The problem >> Please transcribe the lines below exactly, and leave every image behind.

##########

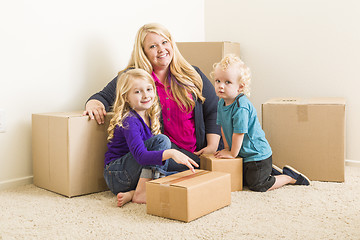 Image showing Young Family In Empty Room with Moving Boxes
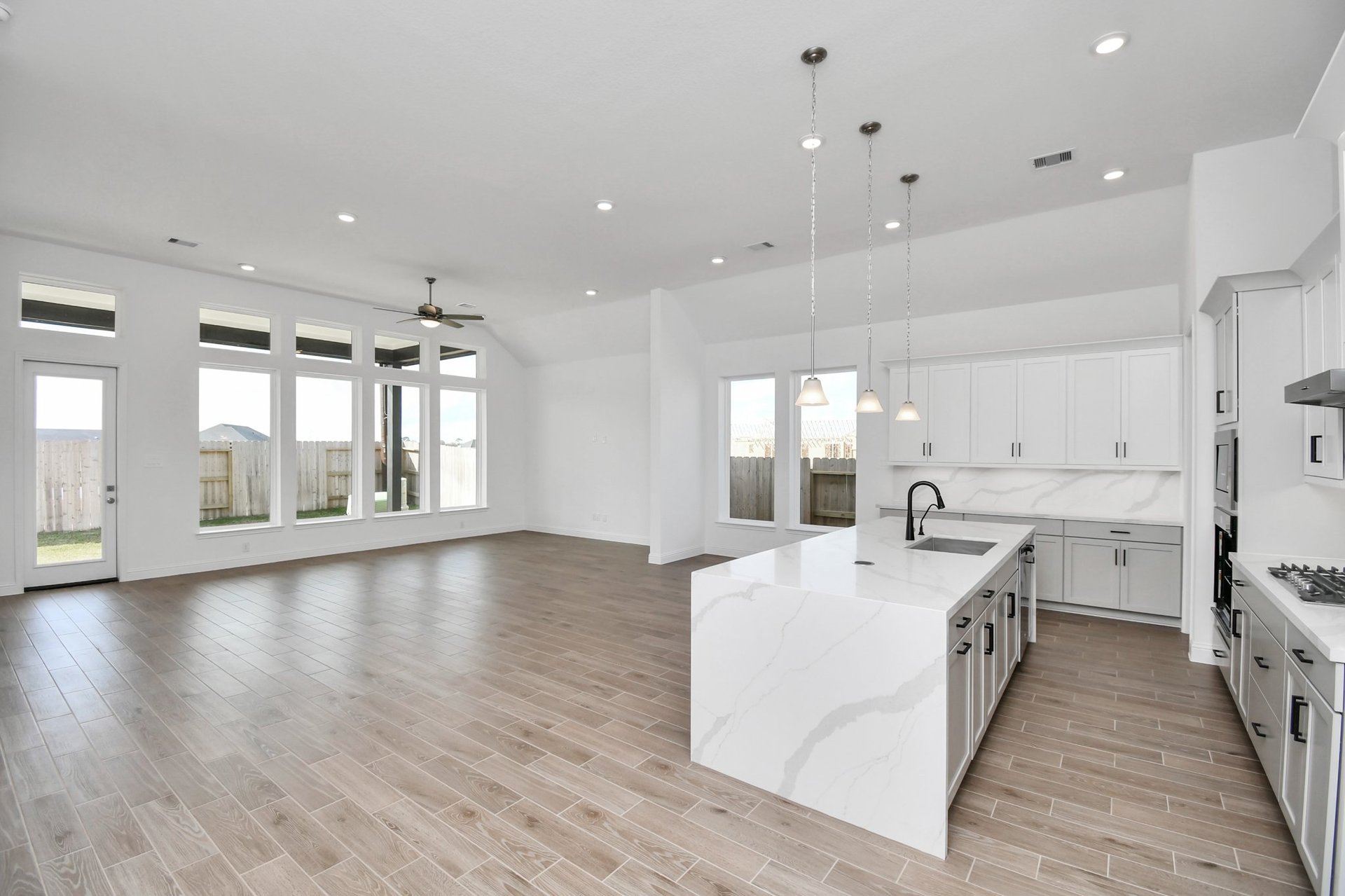 kitchen with white cabinet and white counter tops.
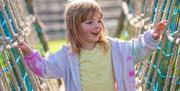 young girl enjoying the playground at crealy theme park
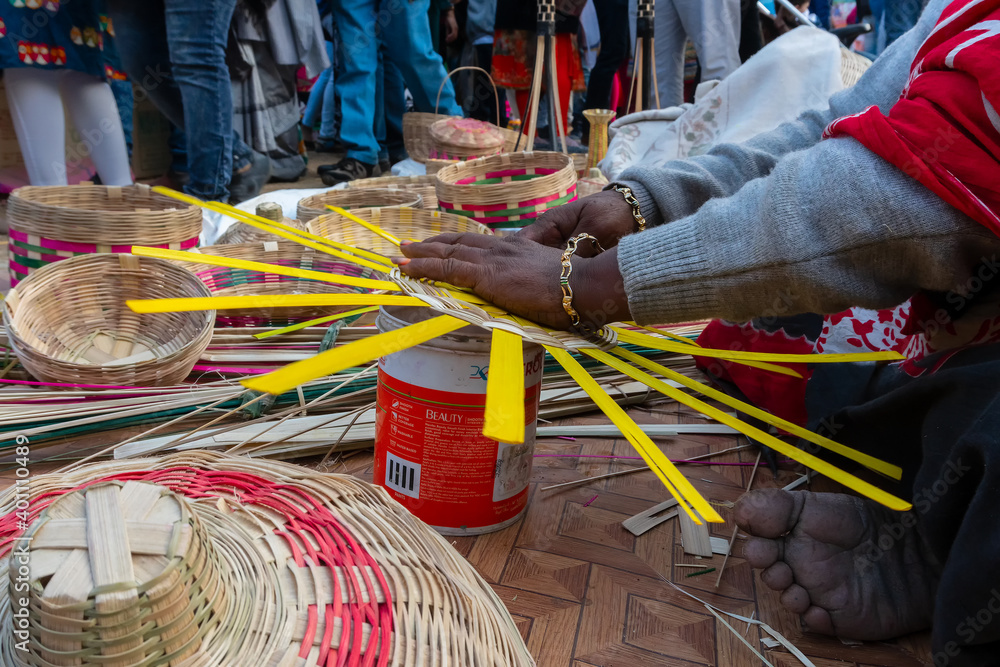 Young bengali woman's busy hands making wicker baskets , handicrafts on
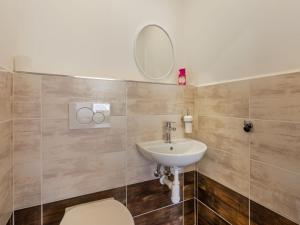 Koupelna v ubytování Holiday Home IVA by Interhome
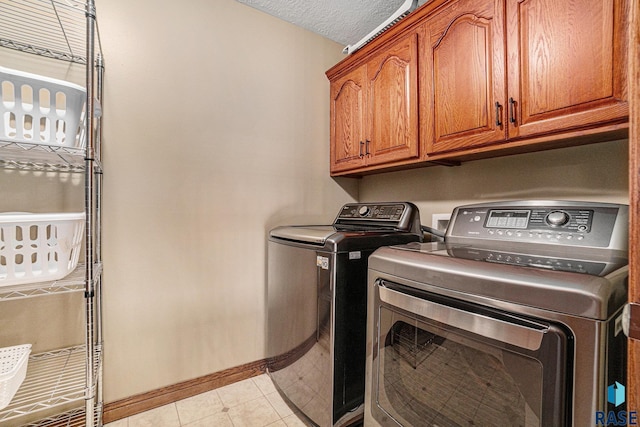 washroom featuring cabinets, a textured ceiling, and washer and clothes dryer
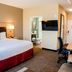 TownePlace Suites by Marriott Temple guest room with king bed, desk, wall TV and doorway to bathroom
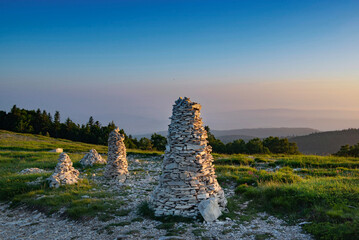 large mountain cairns in a beautiful landscape under blue sky in the Lure mountain in the Vaucluse in France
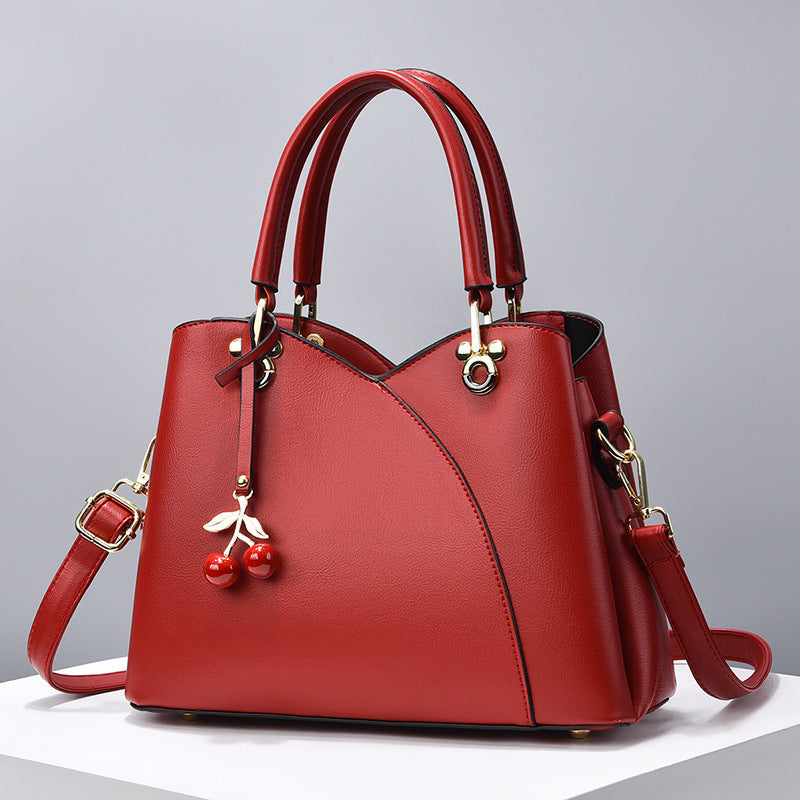 Elegante Handtasche für Damen ⎜ Modische Umhängetasche mit Kirschenanhänger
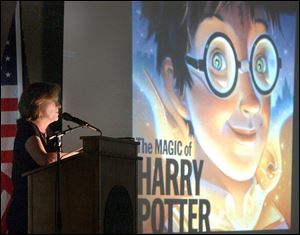 `It could have been anyone illustrating this book, and I'm lucky I said yes,' Mary GrandPr  tells a crowd of nearly 300 at the University of Findlay. Ms. GrandPr , who lives in St. Paul, has illustrated the five U.S. editions of the popular Harry Potter series by J.K. Rowling.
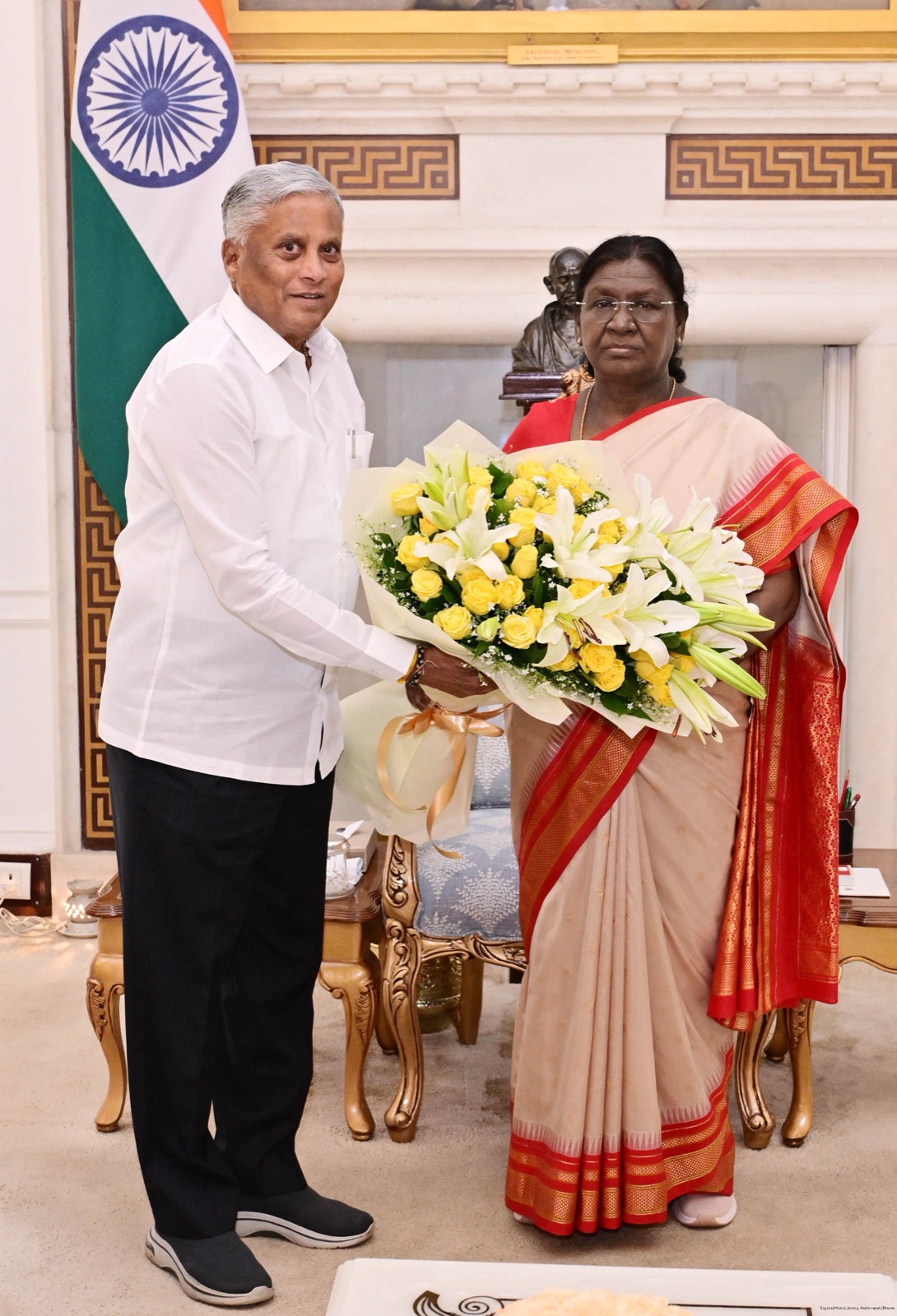 V. Somanna presenting a bouquet of white lilies and yellow roses during a formal courtesy call, beside the national flag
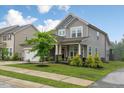 Attractive two-story house with manicured lawn and inviting curb appeal at 304 Avery Glenn Way, Fuquay Varina, NC 27526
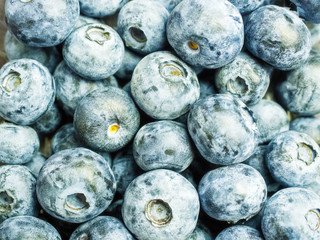 Closeup photo of a scattering of delicious blueberry berries
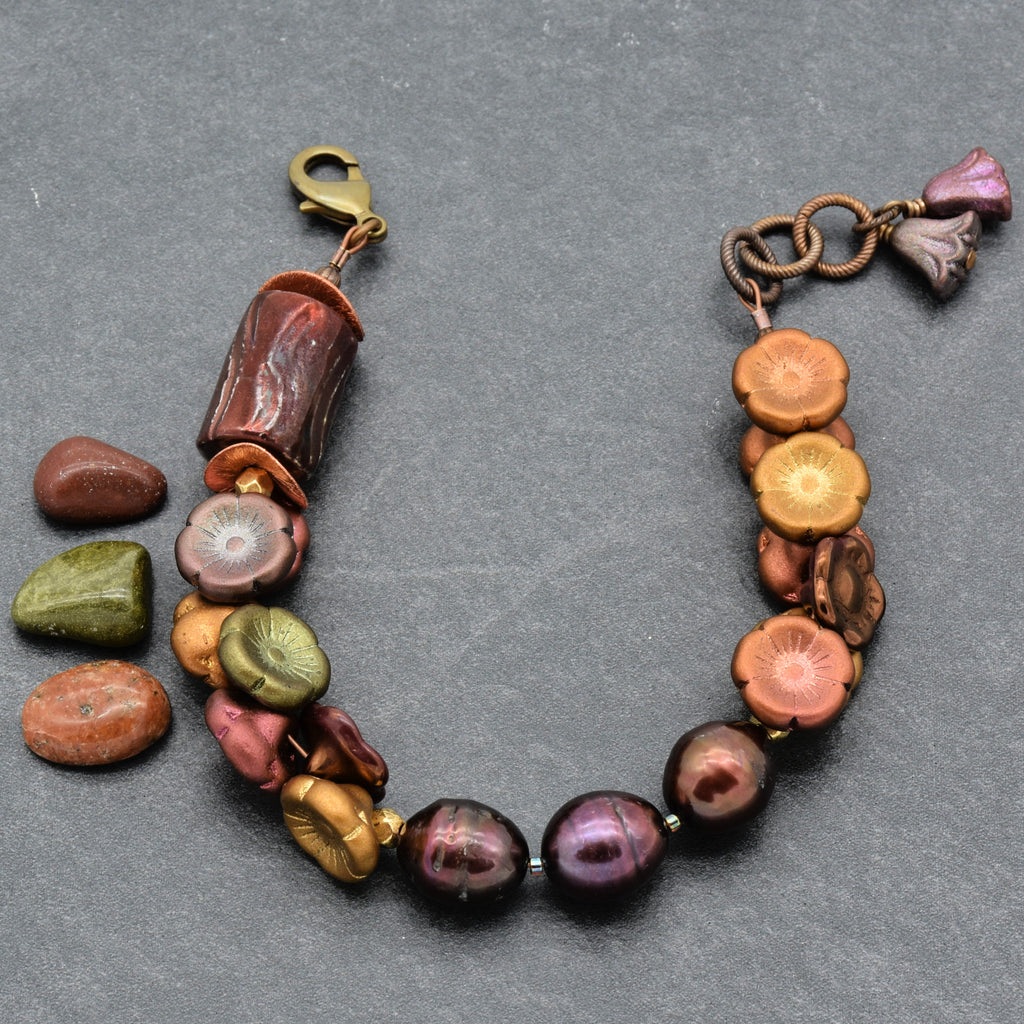 Colorful beaded bracelet on a gray background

##########

Expected answer >>
 Image showing Young Family In Empty Room with Moving Boxes
 kitchen with white cabinet and white counter tops.
 young girl enjoying the playground at crealy theme park
 Young bengali woman's busy hands making wicker baskets , handicrafts on
 Koupelna v ubytování Holiday Home IVA by Interhome
 washroom featuring cabinets, a textured ceiling, and washer and clothes dryer
 TownePlace Suites by Marriott Temple guest room with king bed, desk, wall TV and doorway to bathroom
 large mountain cairns in a beautiful landscape under blue sky in the Lure mountain in the Vaucluse in France
 Elegante Handtasche für Damen ⎜ Modische Umhängetasche mit Kirschenanhänger
 `It could have been anyone illustrating this book, and I'm lucky I said yes,' Mary GrandPr  tells a crowd of nearly 300 at the University of Findlay. Ms. GrandPr , who lives in St. Paul, has illustrated the five U.S. editions of the popular Harry Potter series by J.K. Rowling.
 V. Somanna presenting a bouquet of white lilies and yellow roses during a formal courtesy call, beside the national flag
 Attractive two-story house with manicured lawn and inviting curb appeal at 304 Avery Glenn Way, Fuquay Varina, NC 27526
 Closeup photo of a scattering of delicious blueberry berries
 Colorful beaded bracelet on a gray background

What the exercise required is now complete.